The US Senate opened the Edward M. Kennedy Institute on Monday, and the dedication ceremony offered President Barack Obama the opportunity to call for closer cooperation between politicians of different ideology.
Mr. Obama asked Senate members to follow the example of the liberal champion and become more open to compromise and collegiality. Other people attending the ceremony also paid their tributes to Edward Kennedy, such as Vice President Joe Biden, who thinks current frictions between Democrats and Republicans only lead to a broken political system.
The Edward M. Kennedy Institute for the United States Senate – which cost federal authorities about $78 million – is addressed mostly at high school students in an attempt to teach young Americans the values the US Senate stands for through role play activities and interactive exhibits. The President expressed his hopes the institute will “set an example for the kids who enter these doors and exit with higher expectations for this country.”
The late Senator Edward M. Kennedy is remembered as a liberal politician who did not back off from cooperating with the same people who often challenged his views. The institute is his testimony to younger generations, since he often imagined a place where a place where high school students and others would learn more about the Senate.

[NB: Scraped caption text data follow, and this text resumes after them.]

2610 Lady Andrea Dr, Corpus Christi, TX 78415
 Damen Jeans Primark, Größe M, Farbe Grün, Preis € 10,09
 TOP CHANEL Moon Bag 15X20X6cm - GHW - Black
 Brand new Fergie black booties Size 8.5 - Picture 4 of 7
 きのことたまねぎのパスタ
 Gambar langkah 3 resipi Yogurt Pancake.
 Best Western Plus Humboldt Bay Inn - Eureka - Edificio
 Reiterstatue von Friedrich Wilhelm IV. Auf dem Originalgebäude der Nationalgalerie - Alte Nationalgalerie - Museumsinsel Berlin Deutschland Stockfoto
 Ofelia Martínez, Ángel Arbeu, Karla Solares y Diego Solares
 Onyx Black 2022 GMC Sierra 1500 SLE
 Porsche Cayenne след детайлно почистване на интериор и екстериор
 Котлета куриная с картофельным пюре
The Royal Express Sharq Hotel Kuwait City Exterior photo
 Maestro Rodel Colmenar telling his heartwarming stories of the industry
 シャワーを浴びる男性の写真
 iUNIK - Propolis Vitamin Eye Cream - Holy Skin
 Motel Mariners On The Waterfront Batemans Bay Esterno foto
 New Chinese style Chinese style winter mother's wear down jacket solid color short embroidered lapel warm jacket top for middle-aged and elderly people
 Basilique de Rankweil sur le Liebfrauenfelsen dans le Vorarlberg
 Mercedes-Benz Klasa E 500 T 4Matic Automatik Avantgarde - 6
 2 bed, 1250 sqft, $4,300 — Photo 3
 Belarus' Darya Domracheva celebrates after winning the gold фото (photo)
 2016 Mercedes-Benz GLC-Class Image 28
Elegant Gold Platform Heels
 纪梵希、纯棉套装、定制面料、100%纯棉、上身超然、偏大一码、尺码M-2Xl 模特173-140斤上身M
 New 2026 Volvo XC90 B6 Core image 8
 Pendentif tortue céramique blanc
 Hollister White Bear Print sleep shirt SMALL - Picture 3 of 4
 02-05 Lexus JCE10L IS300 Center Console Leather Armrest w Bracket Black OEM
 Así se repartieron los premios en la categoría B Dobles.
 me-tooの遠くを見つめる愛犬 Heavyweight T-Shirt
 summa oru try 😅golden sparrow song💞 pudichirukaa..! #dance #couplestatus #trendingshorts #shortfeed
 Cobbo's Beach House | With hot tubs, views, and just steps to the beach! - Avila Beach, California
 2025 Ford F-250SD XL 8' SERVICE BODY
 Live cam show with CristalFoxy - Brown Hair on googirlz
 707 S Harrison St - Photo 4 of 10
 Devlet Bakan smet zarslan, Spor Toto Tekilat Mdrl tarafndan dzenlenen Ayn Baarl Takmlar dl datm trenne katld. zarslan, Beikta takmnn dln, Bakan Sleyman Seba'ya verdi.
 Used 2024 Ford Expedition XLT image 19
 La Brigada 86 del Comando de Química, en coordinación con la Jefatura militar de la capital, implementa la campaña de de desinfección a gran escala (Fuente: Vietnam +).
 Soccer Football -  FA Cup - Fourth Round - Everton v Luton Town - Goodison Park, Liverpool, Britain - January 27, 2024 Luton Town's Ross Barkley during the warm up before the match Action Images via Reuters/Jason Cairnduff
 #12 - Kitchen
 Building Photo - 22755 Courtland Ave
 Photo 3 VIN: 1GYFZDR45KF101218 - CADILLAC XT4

He hoped to show young people the institution is more than the sum of the political scandals that often leak into the press nowadays, aiming to educate students on why the Senate works the way it does. The later part of his life was dedicated to see this ambition accomplished. Now, his dream finally came true, as the Edward M. Kennedy Institute sits on the University of Massachusetts campus, alongside other iconic monuments of American democracy, such as the John F. Kennedy Presidential Library.
Mr. Obama pinpointed the true nature of Kennedy, describing him as one who could “howl at injustice on the Senate floor like a force of nature” while at the same time reaching out to his fellow senators. The President remarked the presence of Republican politicians in the audience, indicating that even his political opponents had a great deal of respect for the late senator. “It’s not because they shared Ted’s ideology or his positions, but they knew Ted was someone who bridged the partisan divide over and over and over again,” Obama said if Republicans.
The White House chief had to opportunity to meet Edward Kennedy, and for a short time they served together as US senators. Mr. Obama declared he considered the senator a friend, benefiting from his endorsement when he first launched his 2008 presidential campaign. The President also took the opportunity to remind those attending the ceremony about the importance of the Affordable Care Act, describing Kennedy as a model with his lifelong advocacy for universal healthcare.
Senate veterans, such as Republican John McCain, recalled the times he used to fight with Kennedy, who in his view made the Senate “a little more productive and a lot more fun.” McCain said he believes the Democrats now lack a strong character such as Ted Kennedy.
Other important Republican figures present at the event kept the same note. Former Senate majority leader Trent Lott, now a member on the Edward M. Kennedy Institute board, actually worked with the late senator on a few projects. “Oh yes, we disagreed. We had some fiery discussions. He knew how to give and take and get a result,” Lott emphatically described his former opponent.
Kennedy is also remembered by some as a politician who endorsed projects without seeking any short term political gain, especially in his later years. Massachusetts Senator Elizabeth Warren, of the Democratic Party, described how Kennedy backed her up unconditionally on a bill she was trying to push through. “Sen. Ted Kennedy, the lion of the Senate, agreed to lead this fight because it was the right thing to do,” Warren, who is now the occupant of Kennedy’s former seat, remembered the turning point in her career.
Vice President Joe Biden still thinks of Kennedy as a mentor, having been taken under his wing since he still was a young senator. He urged current senators to walk in the footsteps of his tutor, suggesting a president can be challenged without doing damage to the presidential institution, as Kennedy did with the eight presidents he served under.
Senators attending the ceremony gave those present a first sample of how the institute is set to work in the future. After Mr. Obama’s speech in the actual-size replica of the Senate chamber, Biden presided over a so-called senator meeting, alongside about 17 current and former members of Senate.